Glaciers play a huge role in shaping the landscape of the Rocky Mountains. Here is a definition and a diagram showing evidence of glaciers in the andscape.
Personally, I’ve always been kind of fascinated by glaciers. I mean, they are these huge (really, really, really big) masses of ice that cover the landscape. There are some smaller ones, but many others are just humongous. I think one of the other reasons I’m enamored with them is because they are often located in alpine areas (which I love). These huge masses of ice have shaped and are still shaping the rugged landscape of the Rocky Mountains. Here are some basic terms that show how they have shaped the landscape.
What Is A Glacier?
DEFINITION – A glacier is a slowly moving mass or river of ice that formed by the accumulation of snow over time.
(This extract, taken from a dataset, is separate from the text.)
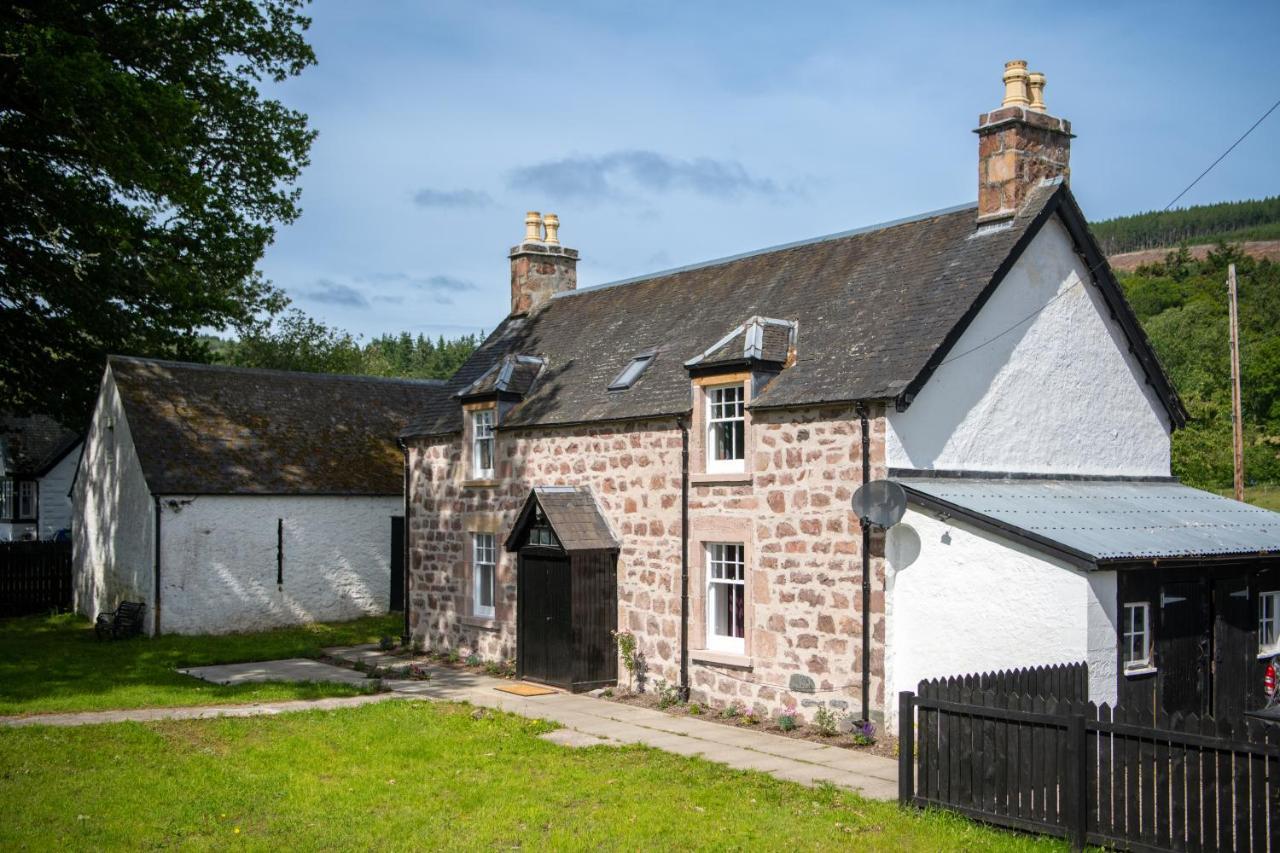 Lock Keepers Cottage, Loch Ness Cottage Collection Inverness Buitenkant foto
This means that a glacier is not simply a snow field. Rather, a glacier is like a large ice cube that gets added onto every winter and is slowly sliding downhill.
There’s Evidence Of Glaciers In The Landscape If You Know What To Look For
The most telling sign of glaciers is a large U-shaped valley. In mountains, rivers flow downhill and carve out a v-shaped valley. However, when glaciers flow down these same valleys, they change the landscape. As the glaciers move down the valley they scrape away the sides to make it more rounded and wider than it was previously. Doing so creates a large U-shaped valley.
Here is a diagram that shows the evidence of glaciers in the landscape.
Other than the big U-shaped valley there are many other signs of the evidence of glaciers in the landscape. Some of these are shown on the diagram and here is what they are:
Moraines – Glaciers contain lots of rocks that either fell onto the glacier or were picked up by it. When the glacier melts these are dropped and form a ridge of glacial debris. These are called moraines. The glacier is melting both at the lowest or most downhill point of the glacier and along the sides. The mound or ridge formed by the debris that collects at the end of the glacier is called a terminal or end moraine. The debris that is dropped and deposited on the sides of the glacier is called a lateral moraine.
Cirque – A bowl shaped depression at the head of a glacial valley with tall walls on three sides and open down the valley. This is where the glacier begins and the snow accumulates. Rivers have headwaters where they begin and the cirque is like the headwaters for a glacier.
Tarn – A small lake in a cirque that is created by the glacier.
Hanging Valley – When the glaciers get smaller or disappear the valleys of the tributaries are higher up and are termed hanging valleys.
Pater Noster Lakes – A string of lakes going up a glacial valley.
Truncated Spur – As the glacier flows around sharp curves in a valley it erodes away the sharpness and creates triangular shaped cliffs.
Arete – A steep sided, sharp edged ridge that is formed by two glaciers eroding the mountain on opposite sides of the ridge.
Erratics – This is a rock or boulder that is a different kind of rock than the rocks upon which it is sitting. These rocks or boulders are picked up by a glacier and moved by it before dropping it in a different location.
Glacial Striation – These are long scratches and grooves in otherwise smooth rocks. Rocks stuck in the glacier gouged these lines in the bedrock as the glacier moved along over it.
Turquoise Water – The water in lakes, or streams whose water comes from glaciers acquires a brilliant turquoise color. This happens because as the glacier moves it picks up fine particles of rocks. When it melts this ‘rock flour’ goes into the water and the sunlight refracting off the particles in the water creates this color.